- _Image-caption web data_
--- START ---

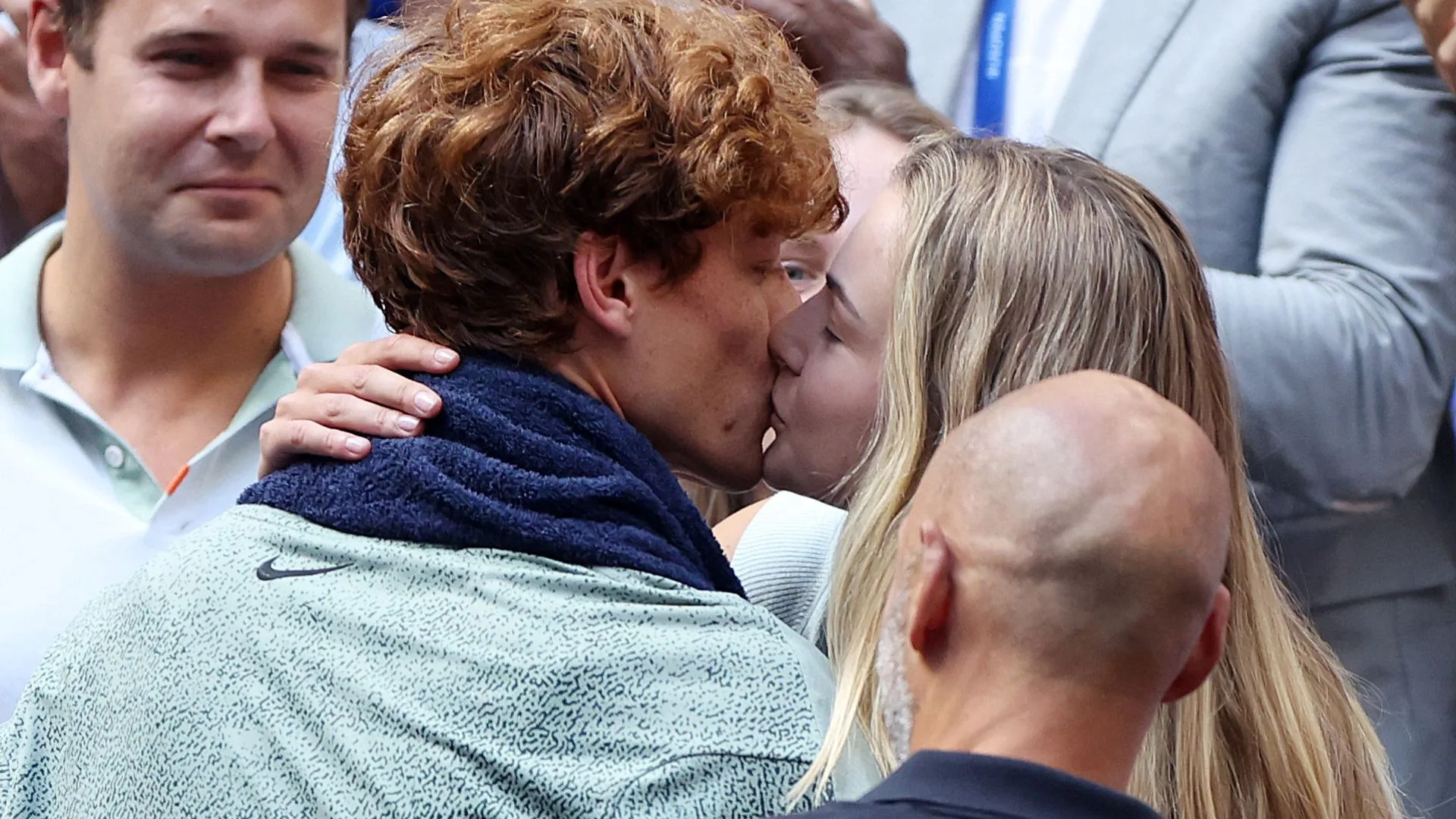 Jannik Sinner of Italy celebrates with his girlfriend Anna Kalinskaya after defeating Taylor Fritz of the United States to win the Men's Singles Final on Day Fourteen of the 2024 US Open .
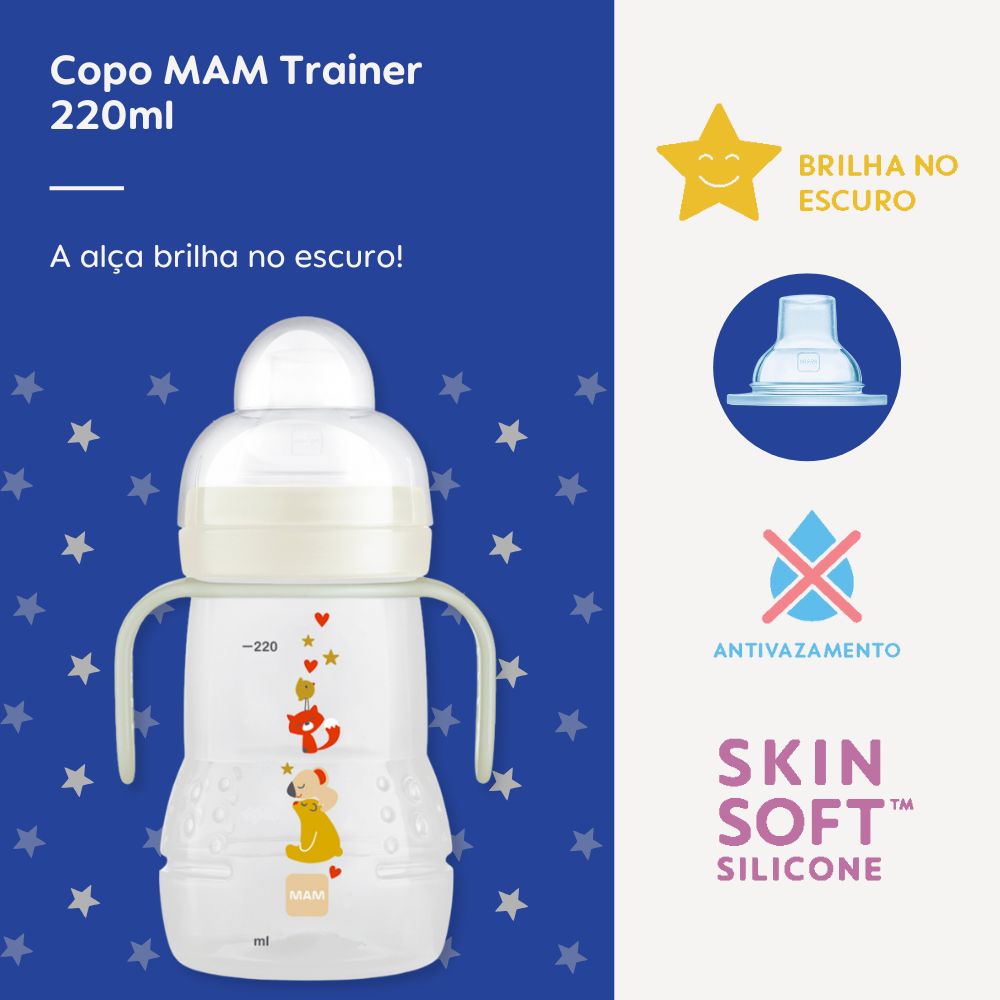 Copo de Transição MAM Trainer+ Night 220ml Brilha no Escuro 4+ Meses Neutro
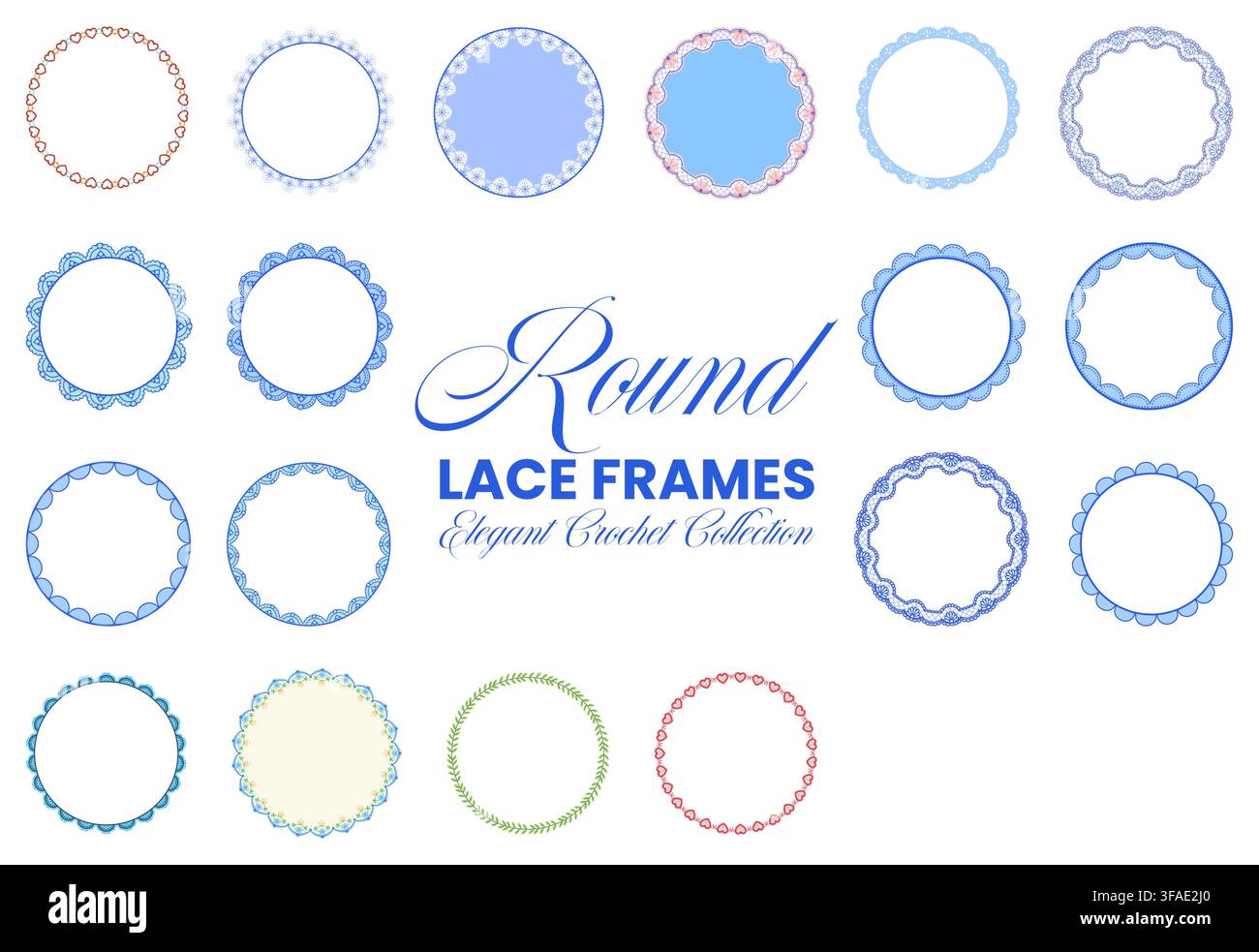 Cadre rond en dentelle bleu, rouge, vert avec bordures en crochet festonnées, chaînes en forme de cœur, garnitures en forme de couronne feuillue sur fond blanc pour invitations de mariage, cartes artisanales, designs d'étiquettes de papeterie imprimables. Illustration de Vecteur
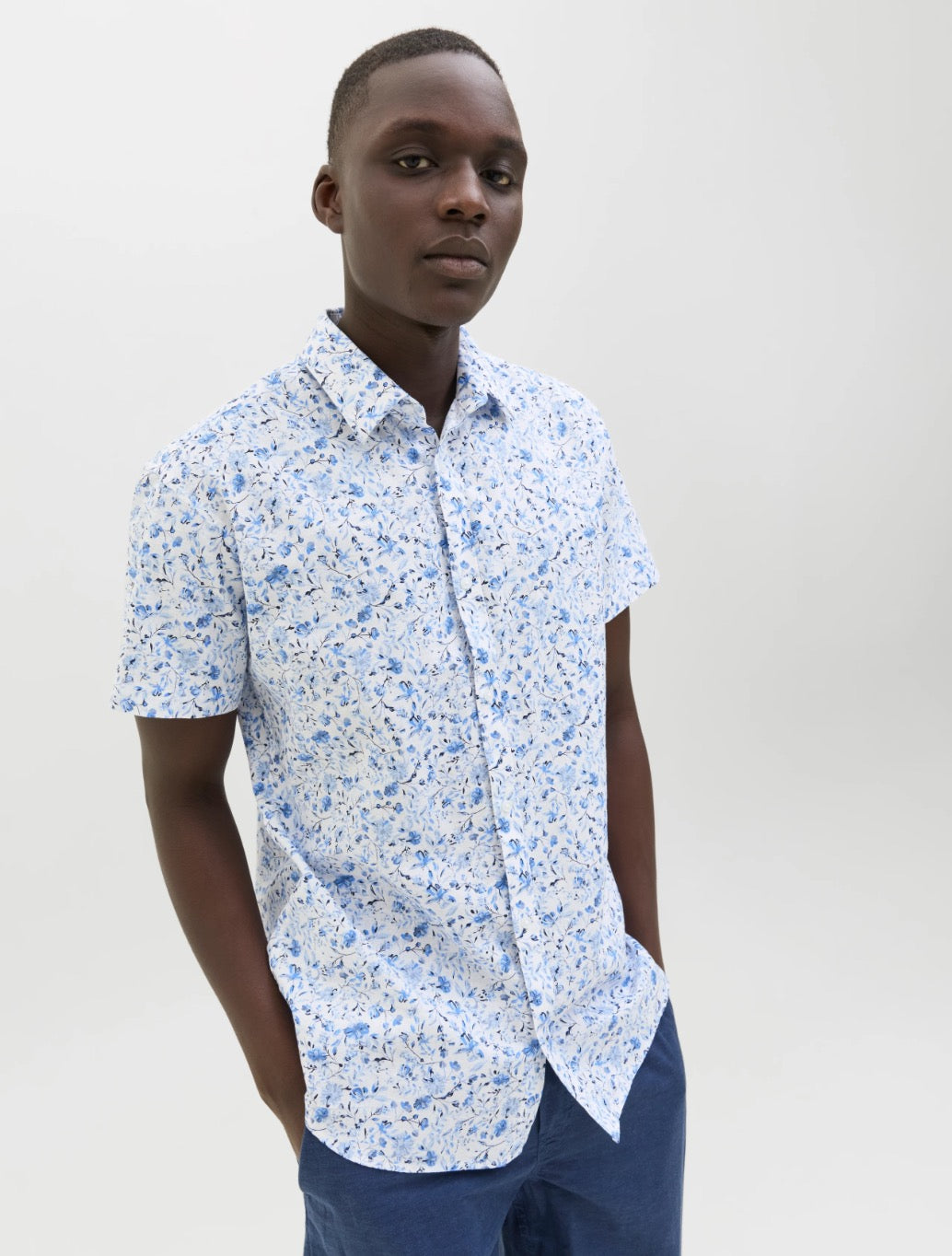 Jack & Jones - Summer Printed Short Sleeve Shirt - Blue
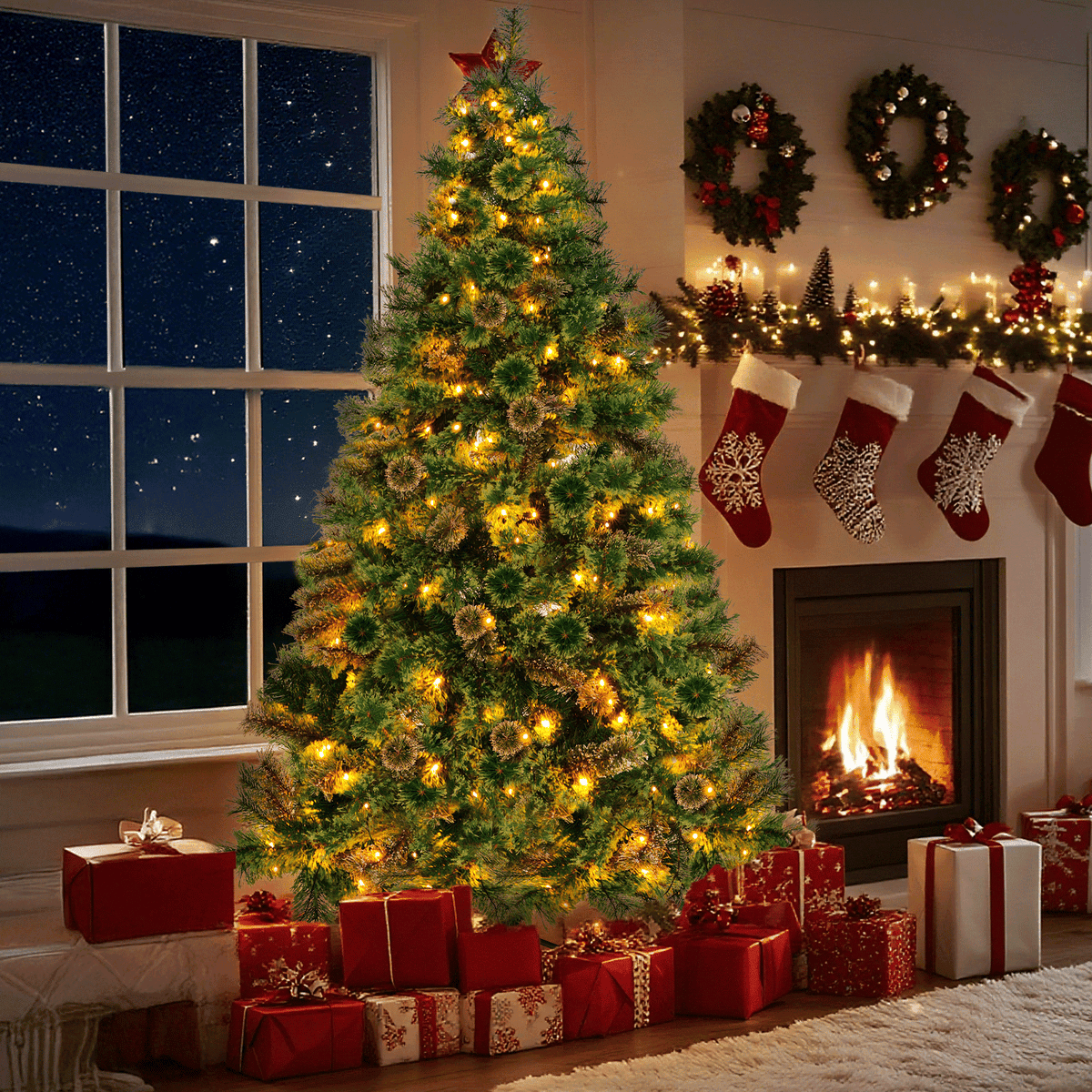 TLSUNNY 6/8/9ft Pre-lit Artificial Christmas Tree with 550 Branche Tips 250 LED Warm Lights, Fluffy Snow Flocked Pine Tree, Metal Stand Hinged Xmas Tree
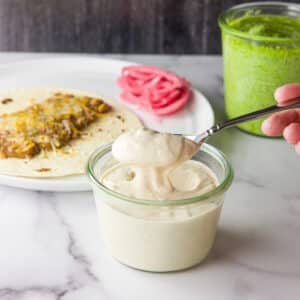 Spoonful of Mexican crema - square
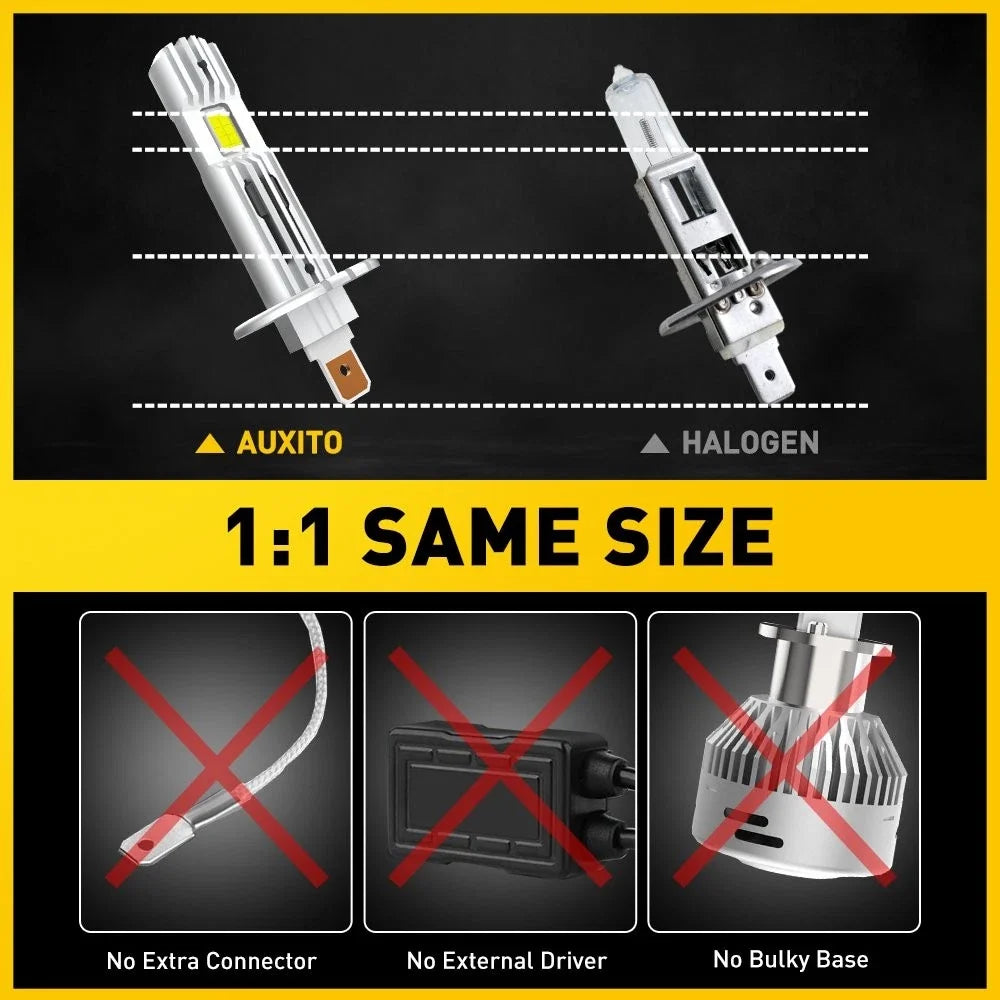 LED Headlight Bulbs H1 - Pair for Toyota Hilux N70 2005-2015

--- END ---

- _Work to be completed_
What is needed is a verbatim transcription of the records, minus the pictures.

- _Finished task_
 Jannik Sinner of Italy celebrates with his girlfriend Anna Kalinskaya after defeating Taylor Fritz of the United States to win the Men's Singles Final on Day Fourteen of the 2024 US Open .
 Copo de Transição MAM Trainer+ Night 220ml Brilha no Escuro 4+ Meses Neutro
 Cadre rond en dentelle bleu, rouge, vert avec bordures en crochet festonnées, chaînes en forme de cœur, garnitures en forme de couronne feuillue sur fond blanc pour invitations de mariage, cartes artisanales, designs d'étiquettes de papeterie imprimables. Illustration de Vecteur
 Jack & Jones - Summer Printed Short Sleeve Shirt - Blue
 TLSUNNY 6/8/9ft Pre-lit Artificial Christmas Tree with 550 Branche Tips 250 LED Warm Lights, Fluffy Snow Flocked Pine Tree, Metal Stand Hinged Xmas Tree
 Spoonful of Mexican crema - square
 LED Headlight Bulbs H1 - Pair for Toyota Hilux N70 2005-2015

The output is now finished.